* [Your goal] Beginning with the first line below, retype exactly each line through the one containing "14 Colorful Easter". Leave out all pictures.

Brief descriptive captions:
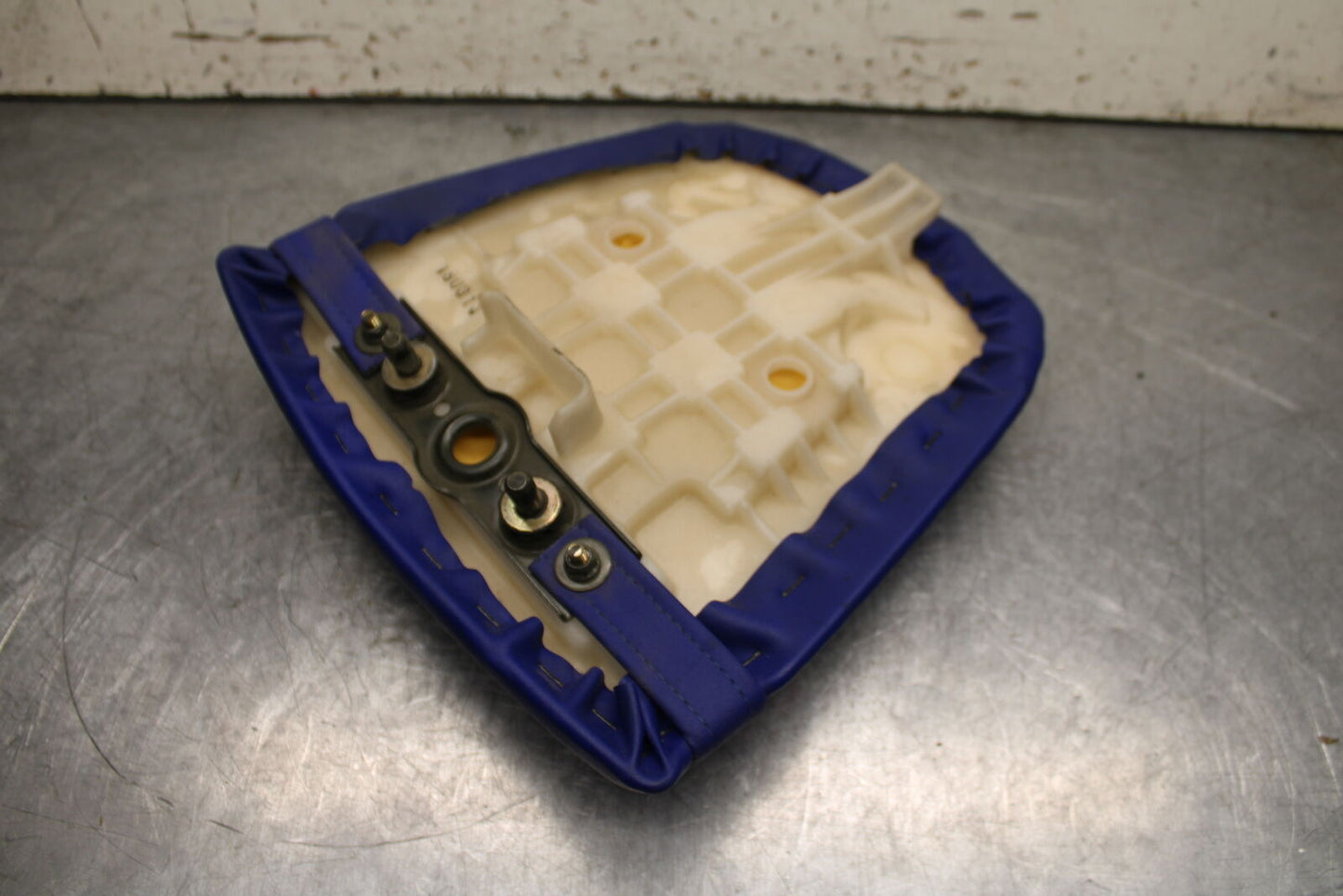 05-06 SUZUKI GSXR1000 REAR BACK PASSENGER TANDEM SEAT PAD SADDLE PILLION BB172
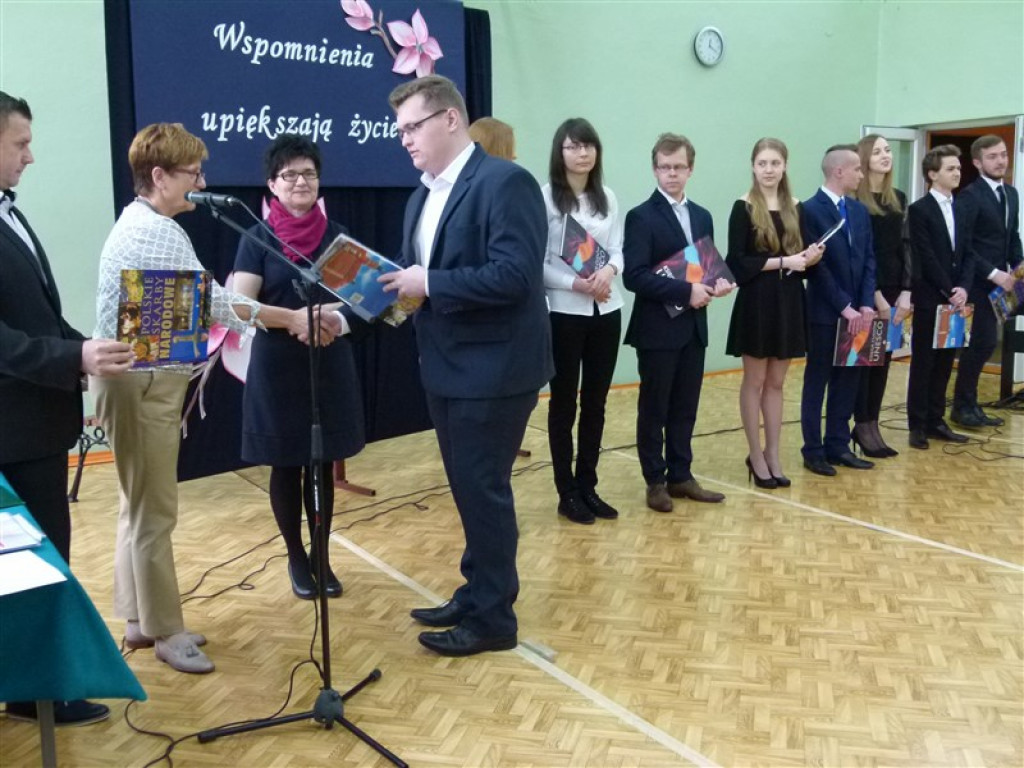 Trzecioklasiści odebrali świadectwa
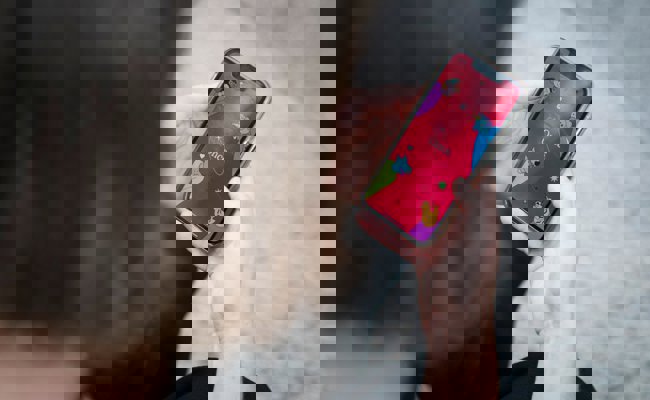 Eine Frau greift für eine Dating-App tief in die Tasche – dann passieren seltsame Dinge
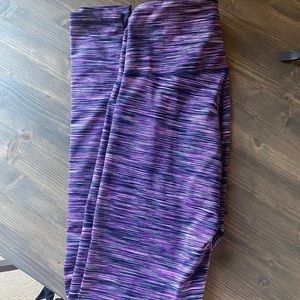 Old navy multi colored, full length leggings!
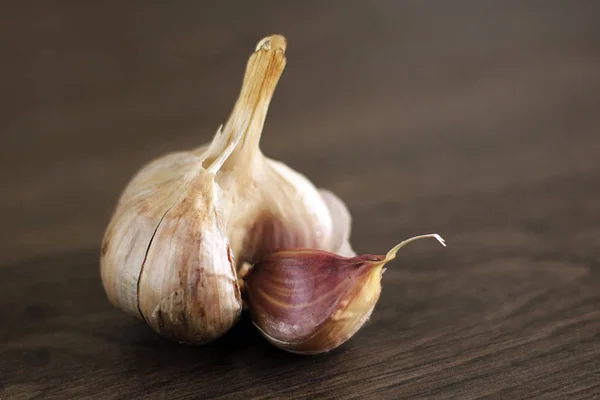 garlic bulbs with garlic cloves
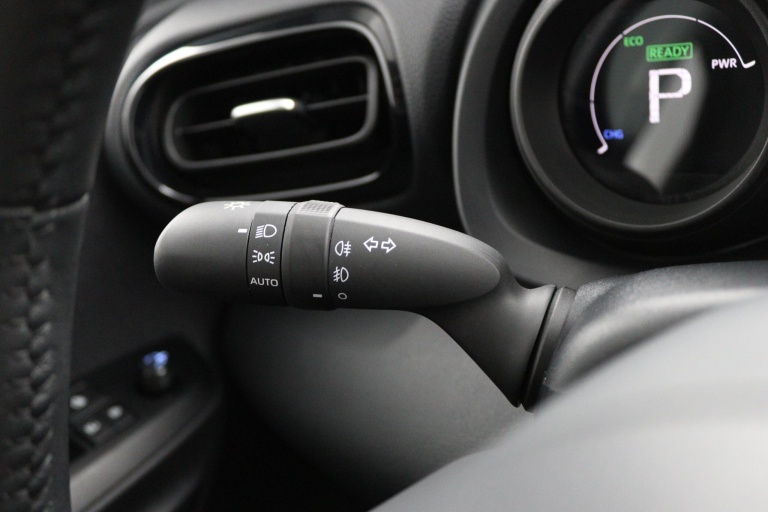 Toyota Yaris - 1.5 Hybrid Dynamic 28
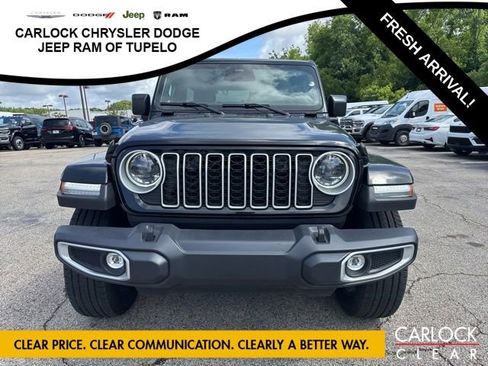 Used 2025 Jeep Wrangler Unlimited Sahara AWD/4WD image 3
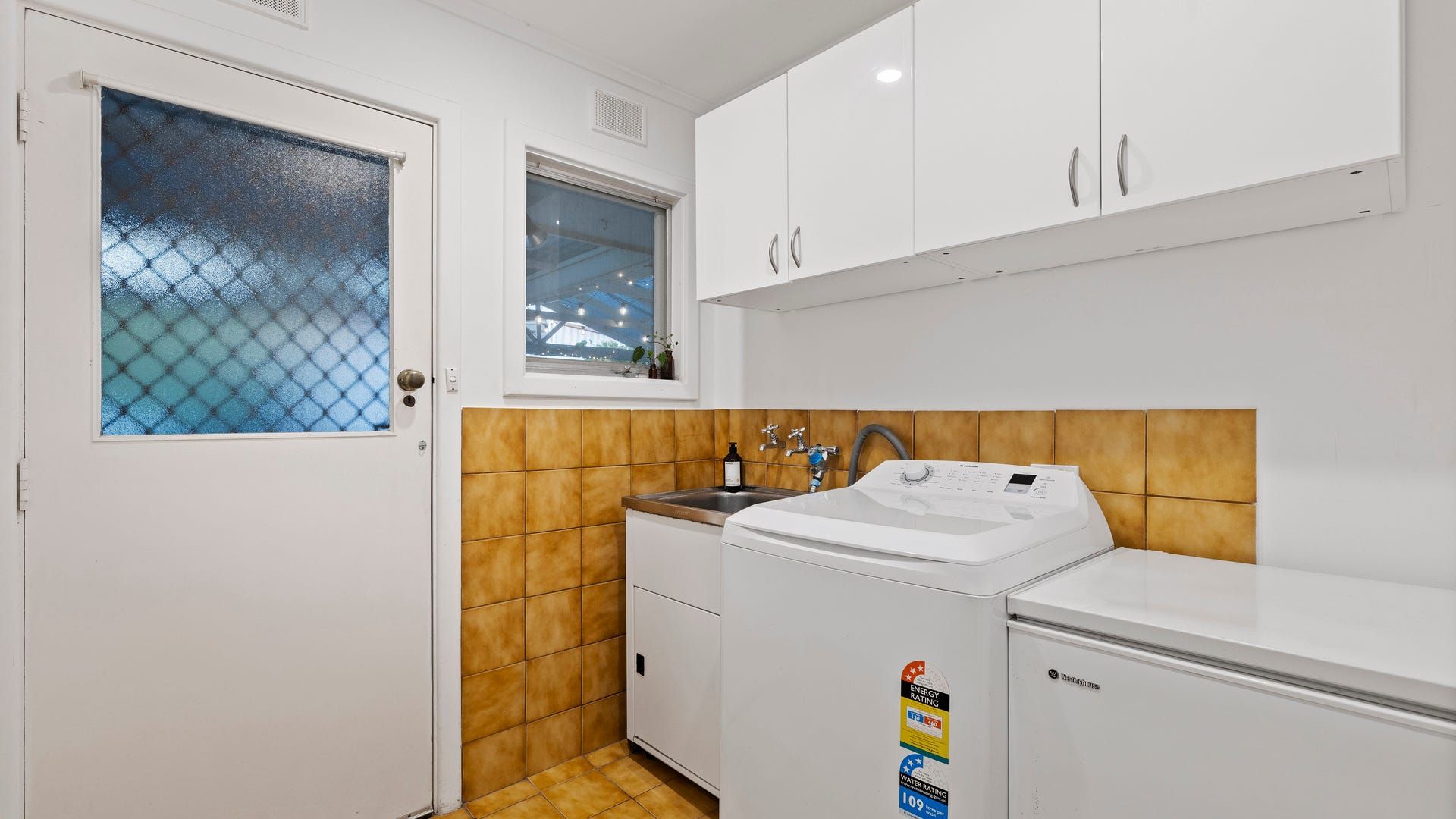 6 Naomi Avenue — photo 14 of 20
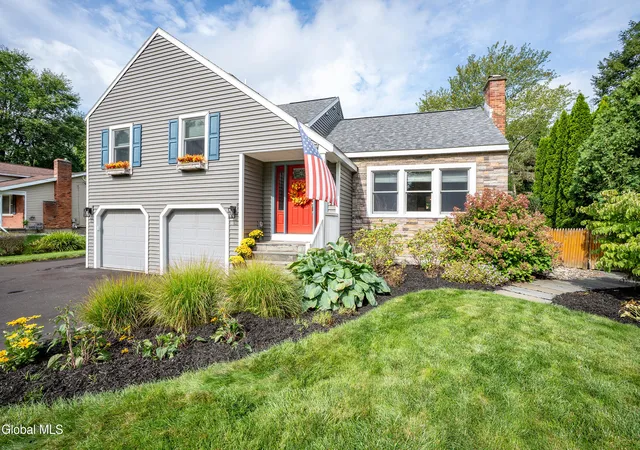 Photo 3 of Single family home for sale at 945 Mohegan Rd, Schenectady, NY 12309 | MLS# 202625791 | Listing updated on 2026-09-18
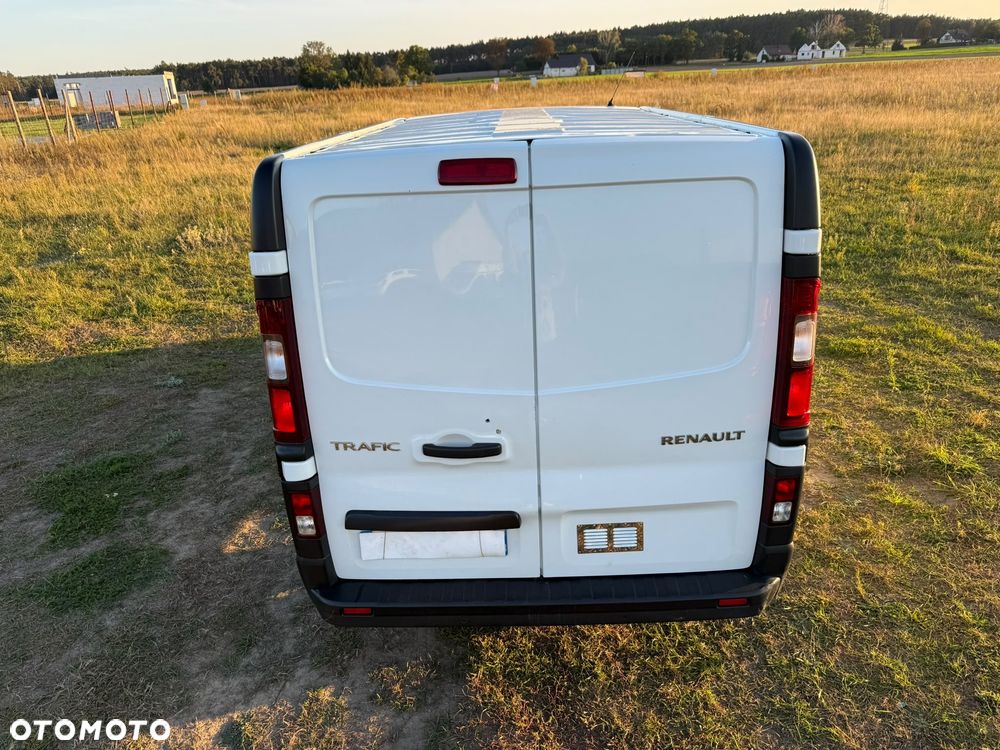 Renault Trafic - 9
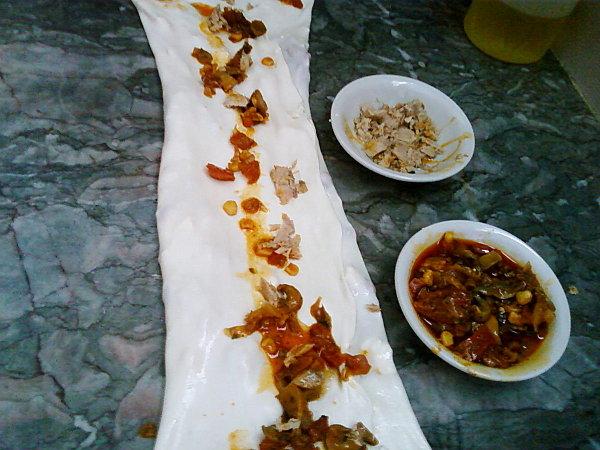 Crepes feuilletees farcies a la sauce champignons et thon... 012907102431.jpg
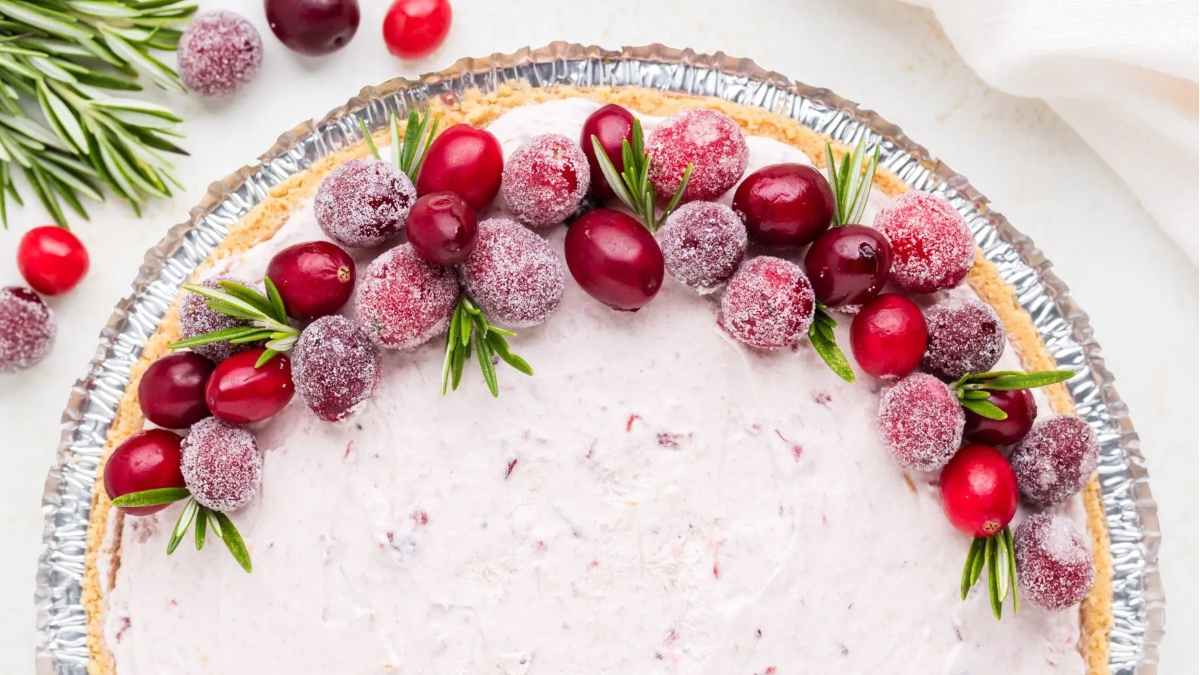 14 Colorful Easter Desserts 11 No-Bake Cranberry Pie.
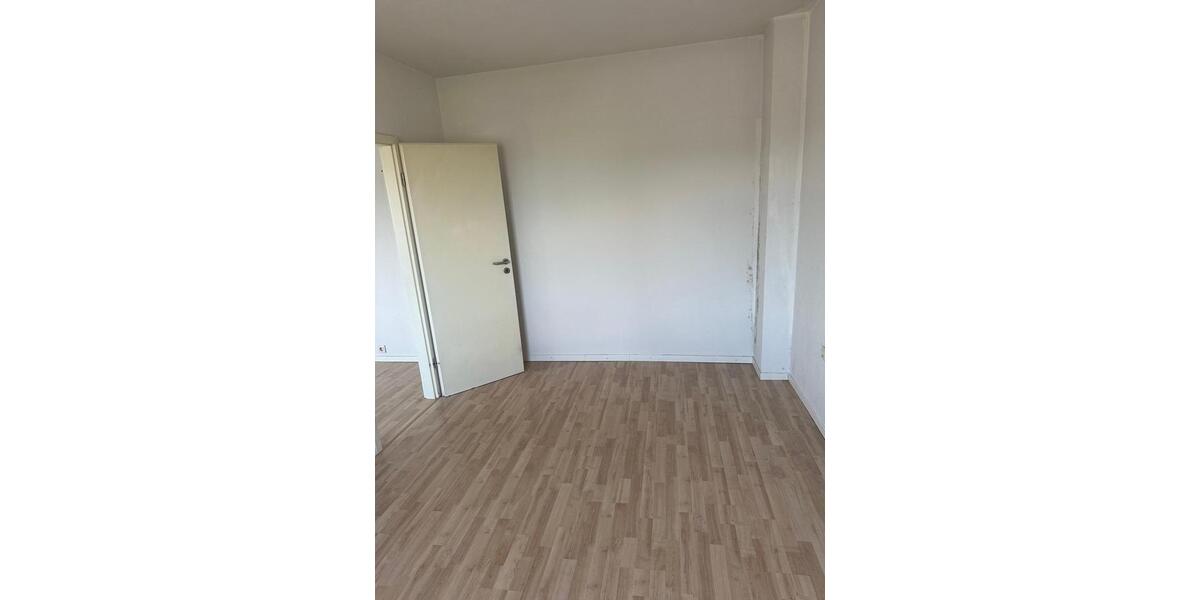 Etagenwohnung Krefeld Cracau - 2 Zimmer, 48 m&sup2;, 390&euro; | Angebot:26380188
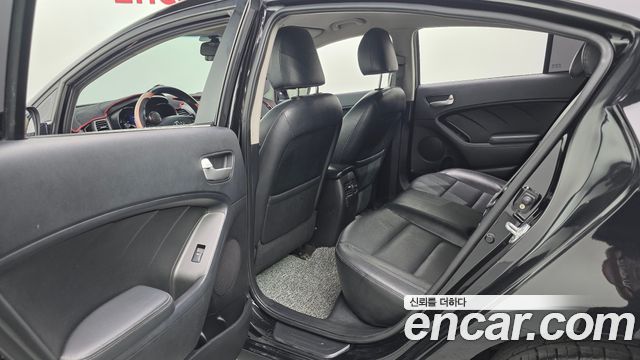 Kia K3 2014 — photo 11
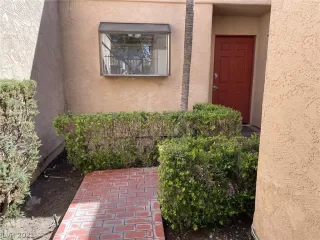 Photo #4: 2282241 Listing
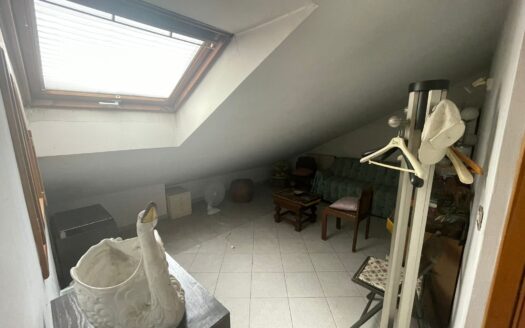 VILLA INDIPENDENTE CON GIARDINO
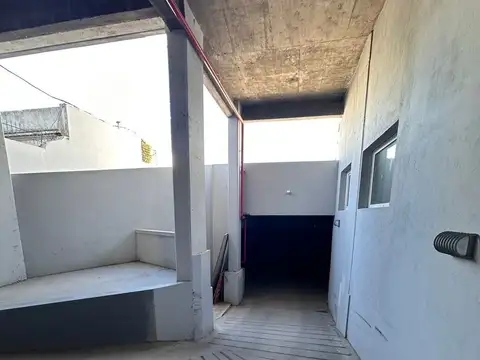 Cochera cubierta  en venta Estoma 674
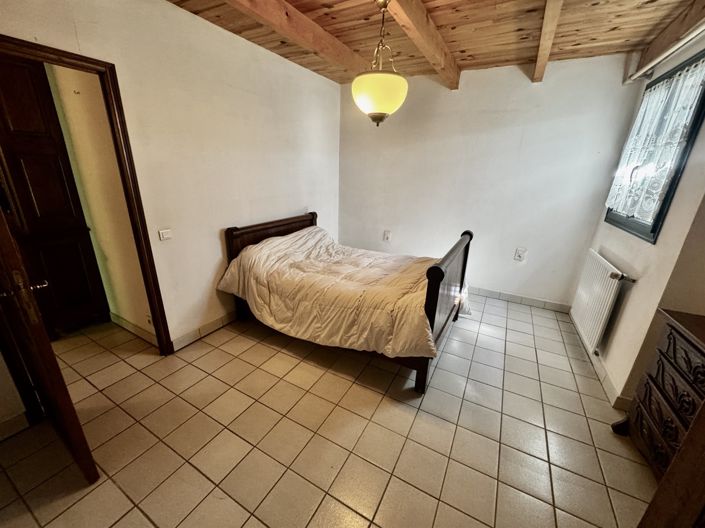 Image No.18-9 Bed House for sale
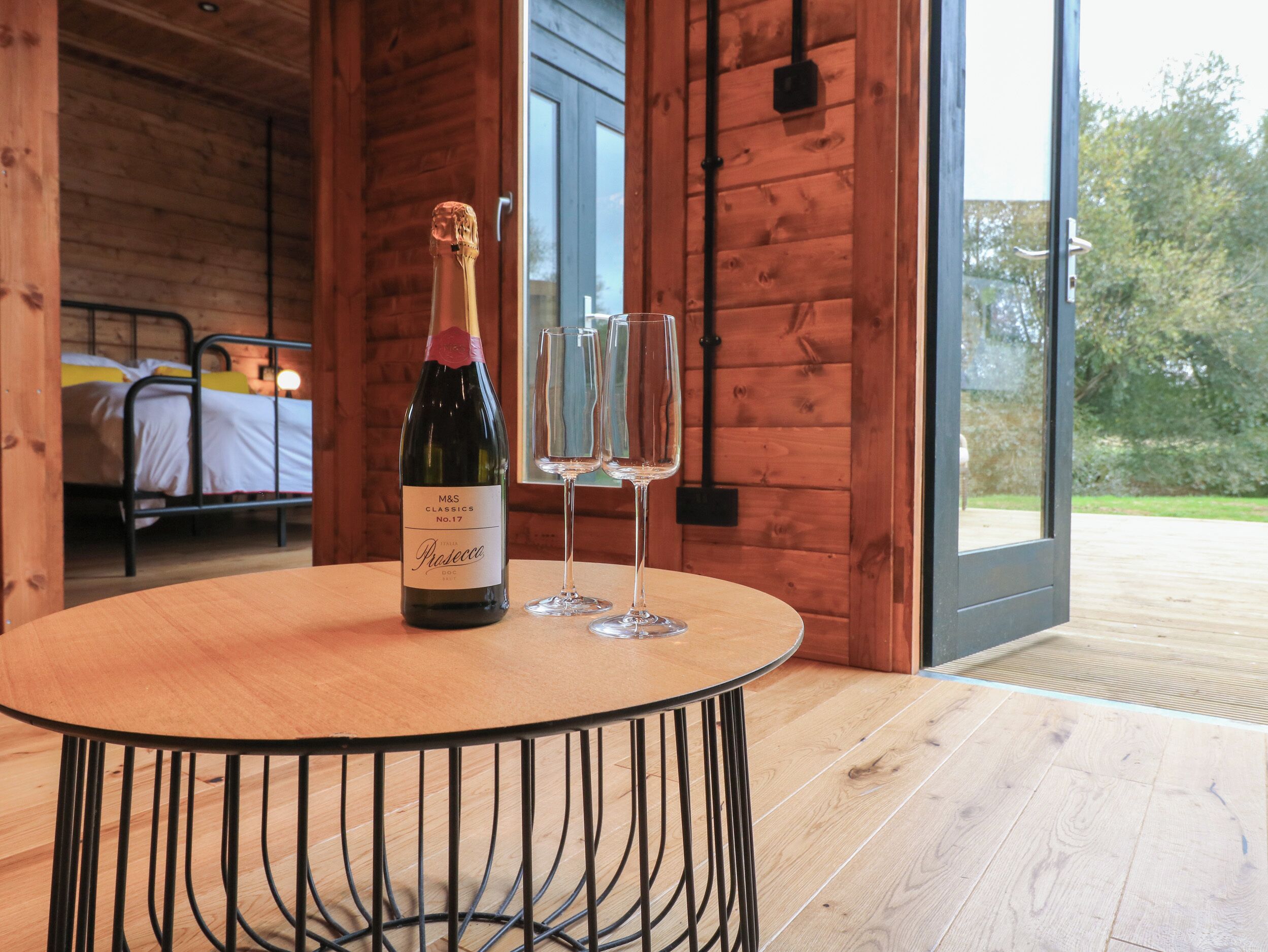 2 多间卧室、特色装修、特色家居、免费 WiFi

* [Answer space]
 05-06 SUZUKI GSXR1000 REAR BACK PASSENGER TANDEM SEAT PAD SADDLE PILLION BB172
 Trzecioklasiści odebrali świadectwa
 Eine Frau greift für eine Dating-App tief in die Tasche – dann passieren seltsame Dinge
 Old navy multi colored, full length leggings!
 garlic bulbs with garlic cloves
 Toyota Yaris - 1.5 Hybrid Dynamic 28
 Used 2025 Jeep Wrangler Unlimited Sahara AWD/4WD image 3
 6 Naomi Avenue — photo 14 of 20
 Photo 3 of Single family home for sale at 945 Mohegan Rd, Schenectady, NY 12309 | MLS# 202625791 | Listing updated on 2026-09-18
 Renault Trafic - 9
 Crepes feuilletees farcies a la sauce champignons et thon... 012907102431.jpg
 14 Colorful Easter Desserts 11 No-Bake Cranberry Pie.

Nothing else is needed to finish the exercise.